Kombucha's rich nutritional package no doubt has a lot to do with its reported healing effects. Here are some highlights:
B vitamins: These include thiamine (B1), riboflavin (B2), niacin (B3), pantothenic acid (B5), pyridoxine (B6), B12, and B15, as well as folic acid and biotin. The B vitamins are protective against heart disease and strokes and may help alleviate Depression as well.
Specifically, B1 affects the nervous system and produces mood-elevating benefits; B2 helps break down fats and may help prevent cataracts; B3 is a vasodilator and regulates cholesterol levels; B6 stimulates the immune system and controls sodium and potassium levels in the body; and B12 regulates homocysteine levels in the blood, a factor in arteriosclerosis. Folic acid is necessary for producing red blood cells and maintaining the health of your arteries. Biotin may protect against hair loss.
Essential amino acids: These protein building blocks include leucine, lysine, methionine, phenylalanine, threonine, and valine. These amino acids are not made in the body and must be obtained from food sources.
Enzymes: The enzymes lactase and invertase are found in kombucha. Enzymes promote chemical and metabolic processes in the body. Lactase is necessary for digesting lactose, the sugar found in milk products. Invertase helps digest the sugar sucrose.
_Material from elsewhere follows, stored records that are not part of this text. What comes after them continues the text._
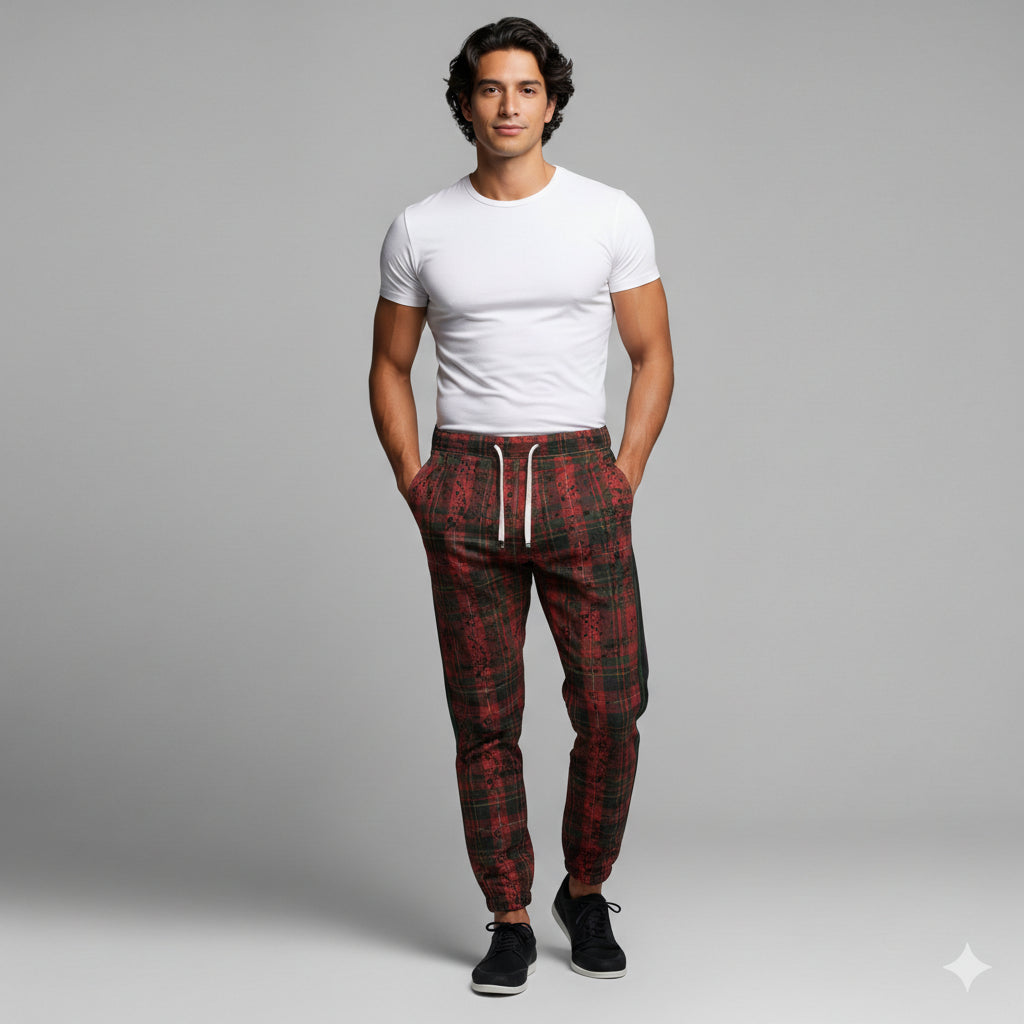 Splat Tartan Green MotoStripe™ Pegged Trousers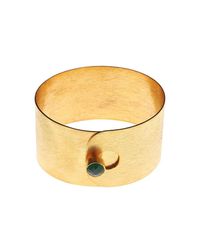 Isla Metallic Minimalist Bangle With Green Onyx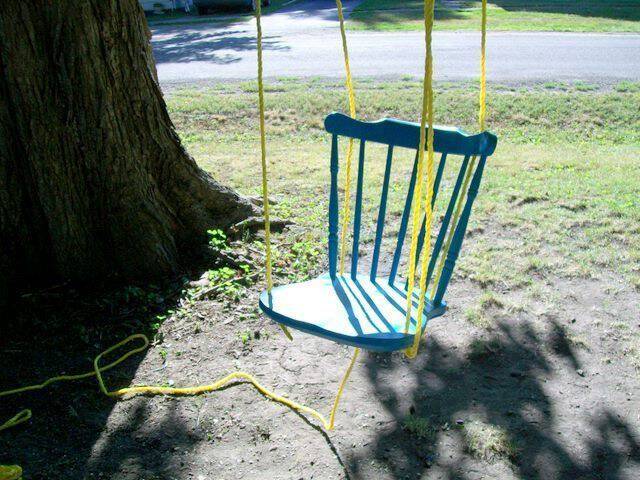 Create a swing out of a broken chair. 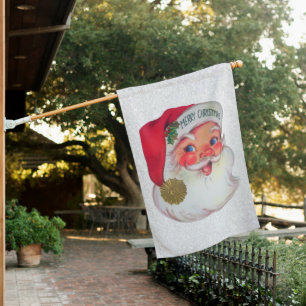 Vintage Santa House Flag
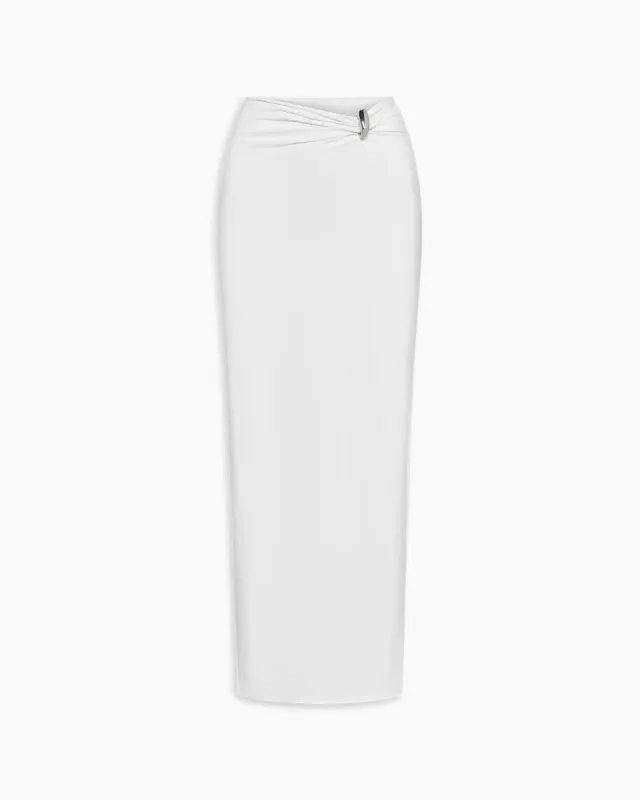 Pierced Maxi Skirt | White sold by KHY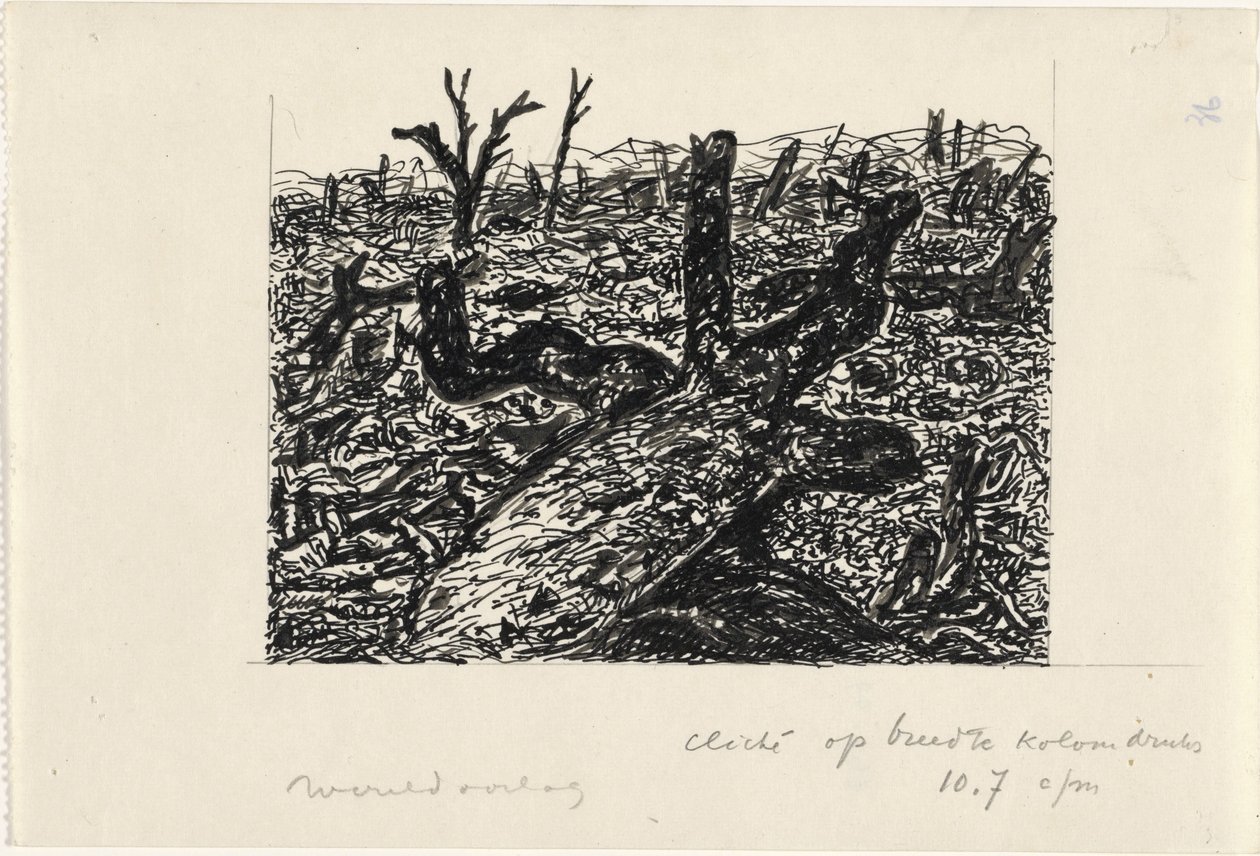 Første Verdenskrig (titel på objekt) af Leo Gestel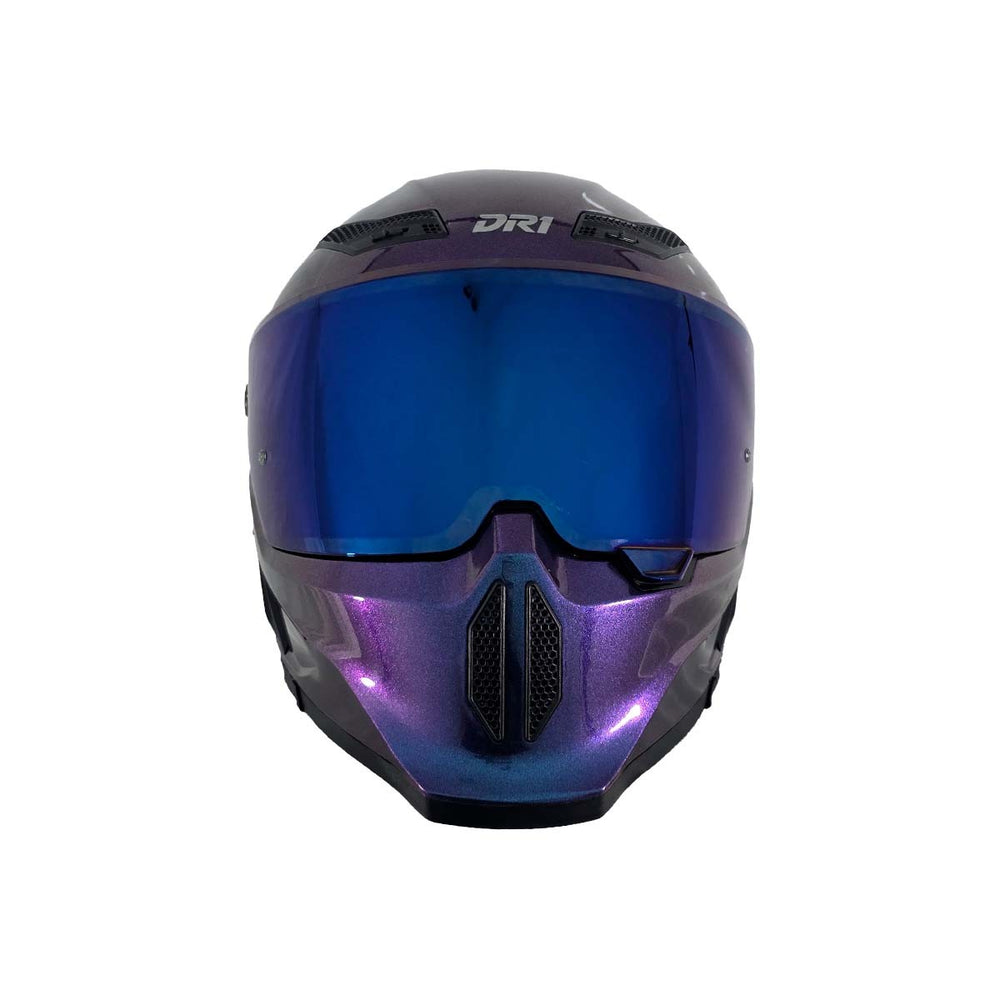 Casco Integral Dr1 K666 Solid Azul Camaleon Sp Morado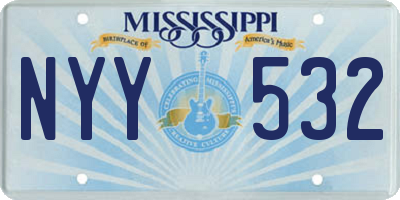 MS license plate NYY532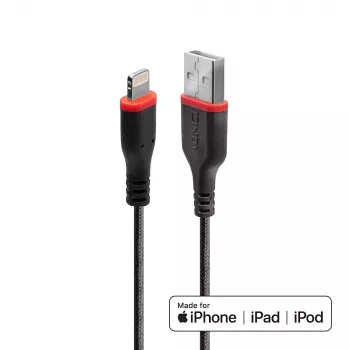 Lindy 1 m vahvistettu USB Type-A - Lightning -kaapeli, 1 m, Lightning, USB A, uros, uros, musta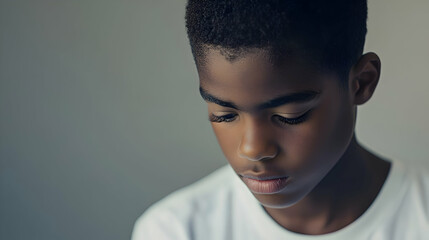 Obraz premium Male student reading intently, against a soft gray background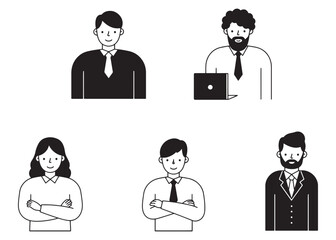 business people icons set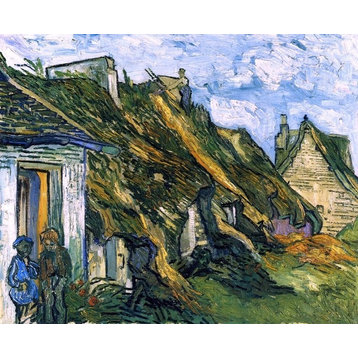 Vincent Van Gogh Old Cottages- Chaponval, 20"x25" Wall Decal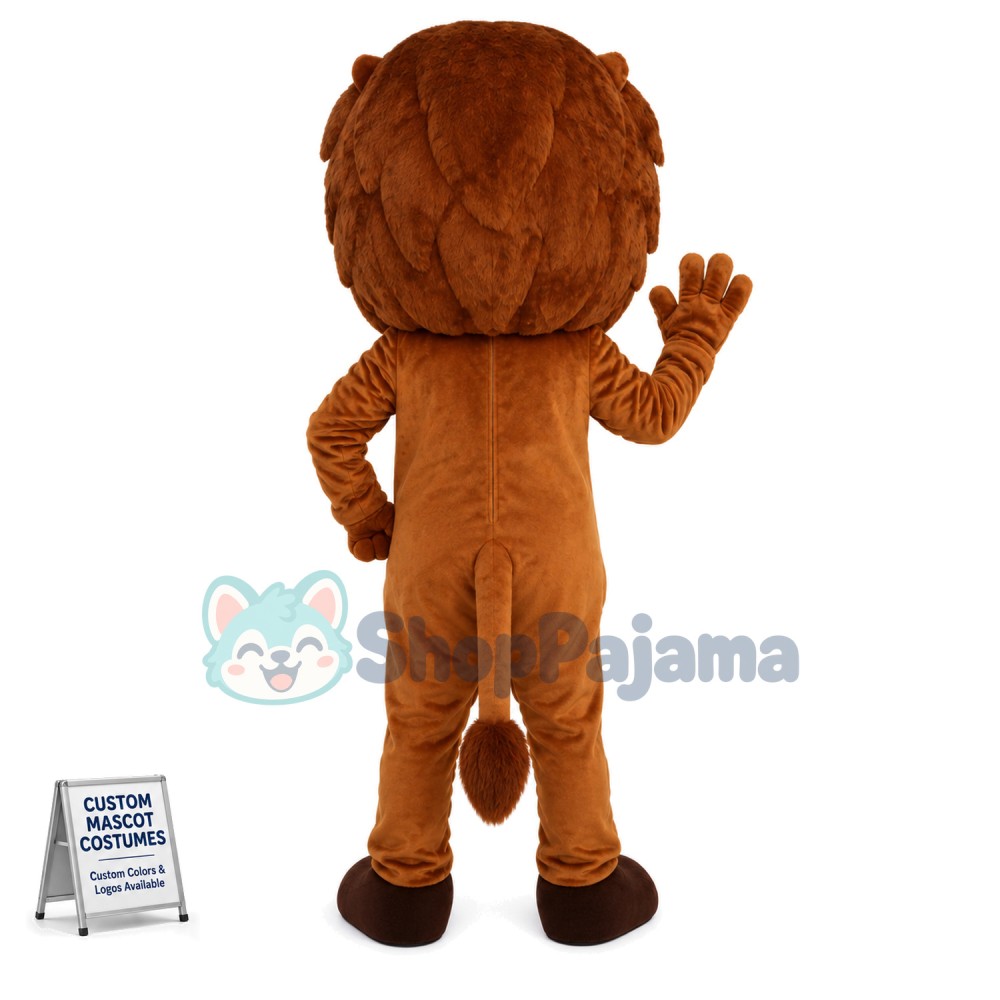 Brown Lion With Serious Expression Mascot Costume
Minerals: the yeasts in kombucha contain a number of minerals, including chromium, potassium, sulfur, iron, and phosphorus.
Cellulose: A certain amount of cellulose makes its way into the tea. Cellulose is an insoluble fiber that improves digestive function and may help prevent constipation and colon cancer.
Other nutrients: Lecithin helps break down fats in the body and protects the myelin sheath which surrounds the nerves. Vitamin C (ascorbic acid) is also produced by the bacteria in kombucha; vitamin C is an antioxidant and immune booster.
Pryor publicized her personal experiences of the health benefits of kombucha and its popularity grew as people with AIDS and other chronic illnesses began to consume it. Kombucha fans report it helpful for boosting energy in cases of multiple sclerosis and chronic fatigue, in alleviating some of the symptoms associated with AIDS, and in reducing allergic and asthmatic symptoms.
However, "Kombucha is not a cure for anything," cautions Pryor. "Your body cures itself. Kombucha seems to help your body do that." An estimated three million Americans now regularly brew and consume kombucha tea, says Pryor.
As with any new therapy, it is best to start slowly with kombucha, say Alick and Mari Bartholomew, particularly if you have a preexisting condition. They typically recommend starting with 1-2 tablespoons of kombucha taken three times daily (before breakfast and after lunch and dinner) as a general tonic. If this dose agrees with your system, then work up to 150 ml (about a wineglass-full) three times daily. Children (6-10 years old) should drink about 1-2 tsp of kombucha three times daily; older children, 100 ml three times daily.
The Bartholomews caution that pregnant or nursing mothers should not drink kombucha tea as it may be too strong for a developing baby. Reported side effects have been minimal, but the tea may cause some gastrointestinal upset. Those with liver conditions, yeast infections, or a compromised immune system should be especially cautious when using kombucha.
Kombucha is a product of home-brewing which means if preparatory conditions are not sterile, there is a chance of microbial contamination and subsequent potential illness among those drinking the beverage. Such an event happened recently and was noticed by the FDA which warned that kombucha's main risk was contamination by Aspergillus, a mold capable of producing serious problems in people with an immune system already compromised.